Segment Open

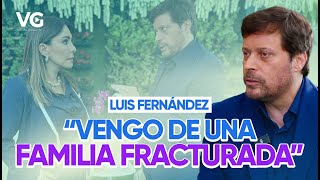 LUIS FERNÁNDEZ CONFIESA “Sin Mimi yo sería un bolsa” 🥹 en Viviana Gibelli TV 📺 [upl. by Zere889]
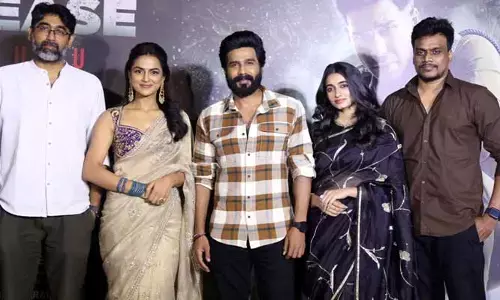 క్లైమాక్స్ మార్చి తెలుగులో రిలీజ్ చేస్తున్నాం.. కచ్చితంగా ఆడియన్స్‌కు నచ్చుతుంది: విష్ణు విశాల్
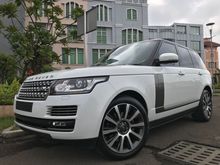 2014 Land Rover Range Rover 3.0 VOGUE AUTOBIOGRAPHY WHITE ON RED WINE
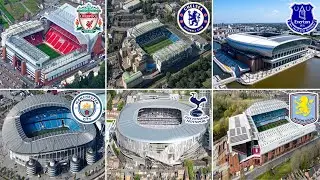 All 20 Stadiums Premier League 2025/26| #premierleague #liverpool #manutd #chelsea #mancity #epl
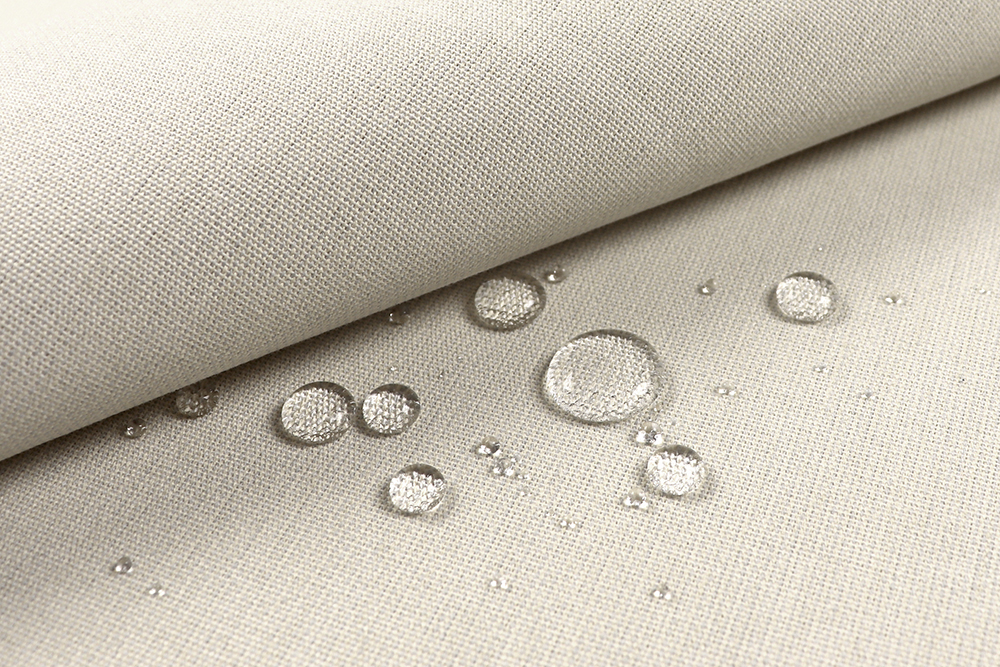 Markisenstoff Spain Sun - Two Tone Sand/Grau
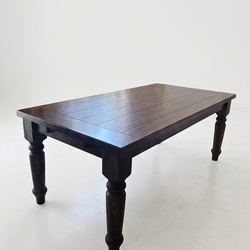 Wood table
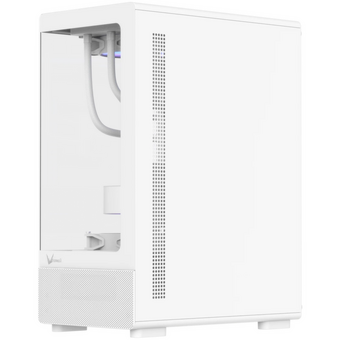  Корпус Formula Crystal Z1CM v2 (crystal z1cm white v2), без БП, mATX, белый 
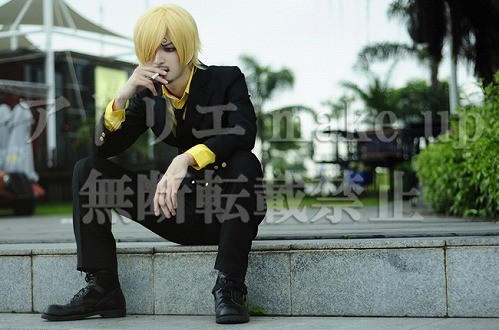 ワンピース ONE PIECE コスプレ 衣装】サンジ コスチューム ゲーム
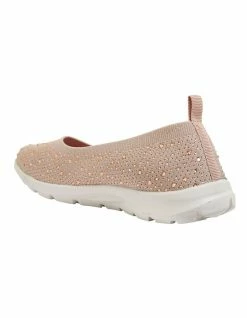 Active Flex Patrice Blush Diamante Sneakers -Deals Shoes Store 877344130 7 720x928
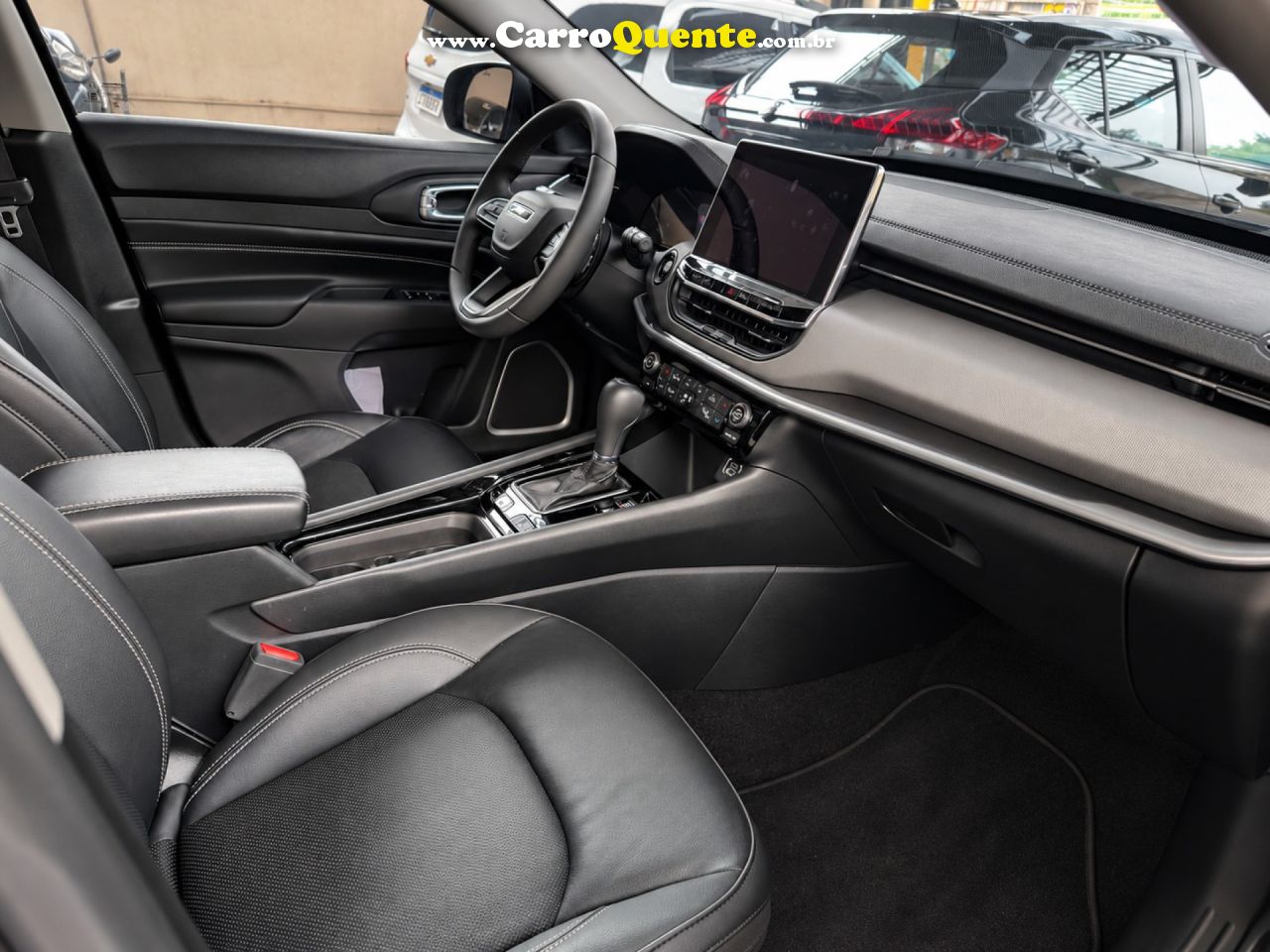 JEEP   COMPASS S T270 1.3 TB 4X2 FLEX AUT.   PRETO 2023 1.3 FLEX - Loja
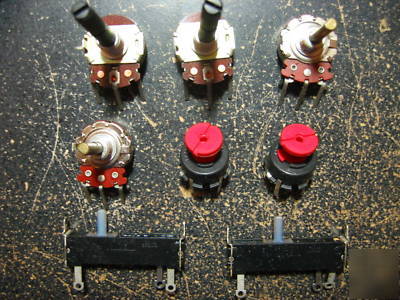 Vintage potentiometer lot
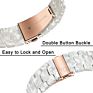 40/42Mm Resin Band for Apple Watch 5/4/3/2/1 Women with Stainless Steel Buckle for Iwatch Replacement Wristband Strap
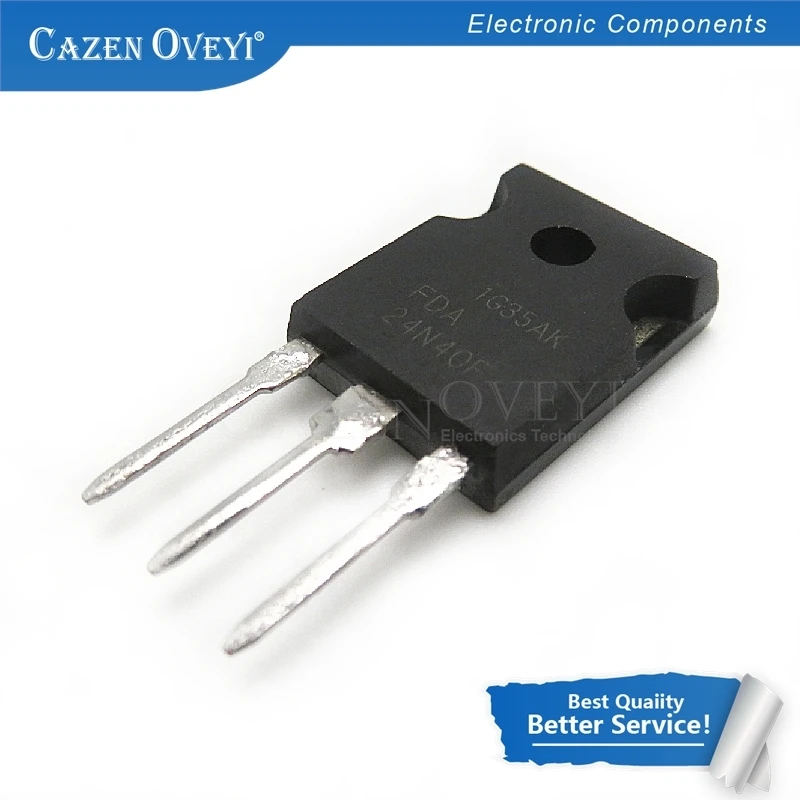 

10pcs/lot FDA24N40F FDA24N40 24N40F TO-247 400V 23A In Stock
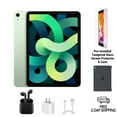 thumbnail image 1 of Pre-Owned Apple iPad Air 4 A2316 (WiFi) 256GB Green Bundle with Case, Wireless Earbuds, Tempered Glass Screen Protector, 1 of 5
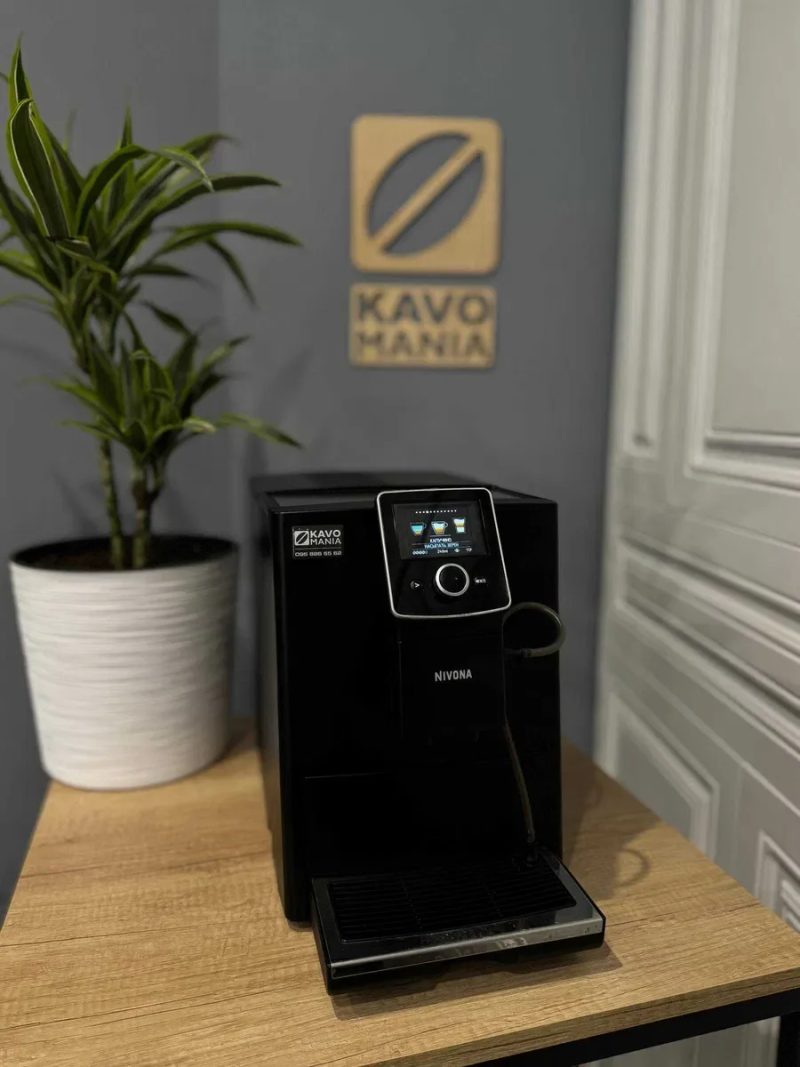 Кофемашина Nivona NICR 820 Type 709 — фото 3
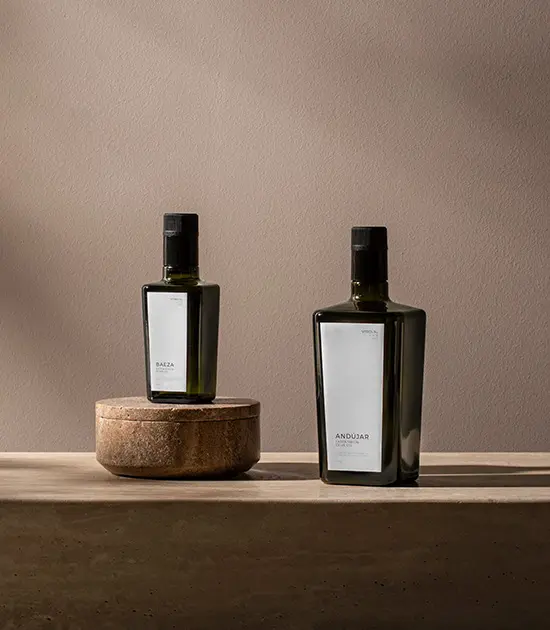Botellas para aceite de oliva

Segment Closed

- EXERCISE AIM:
Your answer should be every line above, written out exactly, with no pictures.

- OUTPUT FOR THIS TASK:
 LUIS FERNÁNDEZ CONFIESA “Sin Mimi yo sería un bolsa” 🥹 en Viviana Gibelli TV 📺 [upl. by Zere889]
 క్లైమాక్స్ మార్చి తెలుగులో రిలీజ్ చేస్తున్నాం.. కచ్చితంగా ఆడియన్స్‌కు నచ్చుతుంది: విష్ణు విశాల్
 2014 Land Rover Range Rover 3.0 VOGUE AUTOBIOGRAPHY WHITE ON RED WINE
 All 20 Stadiums Premier League 2025/26| #premierleague #liverpool #manutd #chelsea #mancity #epl
 Markisenstoff Spain Sun - Two Tone Sand/Grau
 Wood table
  Корпус Formula Crystal Z1CM v2 (crystal z1cm white v2), без БП, mATX, белый 
 ワンピース ONE PIECE コスプレ 衣装】サンジ コスチューム ゲーム
 Active Flex Patrice Blush Diamante Sneakers -Deals Shoes Store 877344130 7 720x928
 JEEP   COMPASS S T270 1.3 TB 4X2 FLEX AUT.   PRETO 2023 1.3 FLEX - Loja
 Vintage potentiometer lot
 40/42Mm Resin Band for Apple Watch 5/4/3/2/1 Women with Stainless Steel Buckle for Iwatch Replacement Wristband Strap

10pcs/lot FDA24N40F FDA24N40 24N40F TO-247 400V 23A In Stock
 thumbnail image 1 of Pre-Owned Apple iPad Air 4 A2316 (WiFi) 256GB Green Bundle with Case, Wireless Earbuds, Tempered Glass Screen Protector, 1 of 5
 Кофемашина Nivona NICR 820 Type 709 — фото 3
Botellas para aceite de oliva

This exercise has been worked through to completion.